__local variable inconsistency issue

Question asked by lerlinghagen on Feb 15, 2015
Latest reply on Jun 25, 2015 by dipak

Hi everyone,


I'm having issues when using __local variables in the attached kernel. When run in a loop with constant input data, the output differs at semi-random locations. On a Tahiti GPU, data differs starting in a random iteration in a random location. On a Tonga GPU, data differs in the second iteration at a fixed location. In both cases, the data inconsistency starts at memory addresses written by local_id(1) >= 64. For my use case, I'd expect the contents of 'sums' and 'textures' to be the same in each iteration.
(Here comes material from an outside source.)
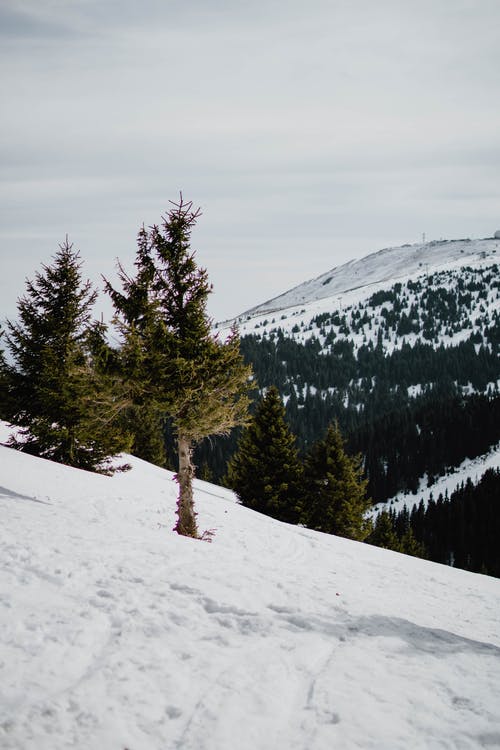 积雪覆盖的山上的绿色松树 · 免费素材图片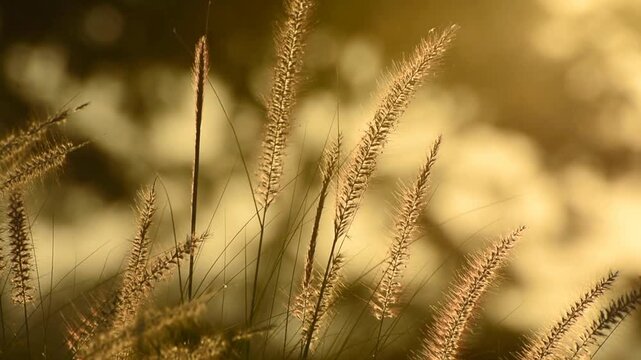 Wheat Field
Here is the relevant input data:


IMAGE_WIDTH is defined to be 680

IMAGE_HEIGHT is defined to be 512

NUM_DISP is defined to be 112

WINDOW_SIZE is defined to be 5

Work size is (IMAGE_HEIGHT, NUM_DISP ), work group size is (1, NUM_DISP).

left, right, sums, textures, and prefilterCap are identical for each kernel run.

Both GPUs use the latest non-beta Catalyst drivers.


The inconsistency disappears for NUM_DISP <= 64, and when the kernel is running on a CPU device. Did I miss a barrier call somewhere? As far as I can see, all work items should hit every barrier, and only use the local variable's contents after the barrier.